Next week Steve Maharey will launch another scheme in the Clark-Anderton ministry’s reshaping of government: a new arrangement with the voluntary sector.
Yawn. That sounds almost as boring as debating the constitution – earnest people saying earnest things to each other. What can a “compact” with the voluntary sector say to a pocketbook public?
At one level his initiative similar to Monday’s abolition of sirs and dames and pardons for soldiers murdered by British officers in the first world war. That is, it is iconic – a load of nice words.
Changing the way things are done takes time – years can elapse between the cabinet-room policy decision and a changed outcome at ground level. In the meantime icons provide a visual facade.
In the end, however, a government cannot live by icons alone, any more than a priesthood can. It will be judged by what it does.
For the Labour party the biggest question is how it reconfigures the welfare state so that it can deliver social democratic-style services and security within the budgeting constraints imposed by membership of a globalised economy.
One way Labour has identified is to ditch the notion that politicians and bureaucrats at the centre have all the answers.
This may sound odd, given Annette King’s and Trevor Mallard’s hellbent recentralisation of health and education, reabsorbing the Health Funding Authority into the Health Ministry and abolishing schools bulk funding. The previous regime contemplated a wider range of local health delivery mechanisms and schooling.
Those recentralisations are partly due to the influence of the health and education unions on Labour and the Alliance. But in social welfare services, the picture is different. There professionals have been demanding flexibility.

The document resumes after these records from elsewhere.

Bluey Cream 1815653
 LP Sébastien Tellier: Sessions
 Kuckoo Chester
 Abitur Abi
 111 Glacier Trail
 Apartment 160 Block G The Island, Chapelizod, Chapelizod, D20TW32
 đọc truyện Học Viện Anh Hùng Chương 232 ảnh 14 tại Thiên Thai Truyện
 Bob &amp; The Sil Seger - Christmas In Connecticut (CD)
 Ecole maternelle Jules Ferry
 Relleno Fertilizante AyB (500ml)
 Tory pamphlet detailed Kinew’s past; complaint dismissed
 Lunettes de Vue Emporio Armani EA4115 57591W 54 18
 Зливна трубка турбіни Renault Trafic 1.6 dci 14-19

And Mr Maharey wants to respond. Moreover, he has been reading books – a disturbing habit in a politician, in which, thankfully, few of our lot indulge. The books have been telling him old-style top-down state-centred social democracy has had at best dubious success. This is partly because the state in the twentieth century crowded out “civil society” – that part of social interaction, out of reach of the state and the market, where citizens do things with, to and for each other.
Mr Maharey wants civil society blooming again. Down there in the ruck are people who know their communities – their opportunities and problems – and have ideas. He wants those ideas put to work, rebuilding social democracy at ground level. The state will support, with money and organisational advice, but not dictate. Local government will have a role, too.
Mr Maharey has in mind a three-layered scheme borrowed from Canada: a set of high-level principles (he will next week name the person to lead the consultation to develop this); broad-based agreements with individual sectors (ranging through health, foreign aid, social services and education) establishing codes of practice; and new arrangements with individual organisations.
He wants to replace the contracting system in vogue since the late 1980s, which he thinks has turned voluntary agencies into lackeys unimaginatively performing narrow tasks, with “relationships” that aim at more general outcomes and give voluntary agencies more operational latitude – in other words, a sort of bulk funding.
This has obvious implications for the Public Finance Act, which requires accountability for narrowly defined “outputs” and which therefore, he freely argues, will need changing to realise his scheme. His agreements will, besides covering compliance costs, funding arrangements, the law, policy implementation and consultation, also address seek new forms of accountability.
Mr Maharey calls his initiative a “sea change”. He contemplates failures as part of finding what works – and these will at times be politically embarrassing, especially if money goes awol or outcomes are worse, not better.
This “sea change” is not about to break over our heads next week. It will be almost imperceptibly tidal, spread over years. It might work. Or it might fall foul of a Prime Minister tough on budgeting and intolerant of failure. Between books and the ballot box there is a long march.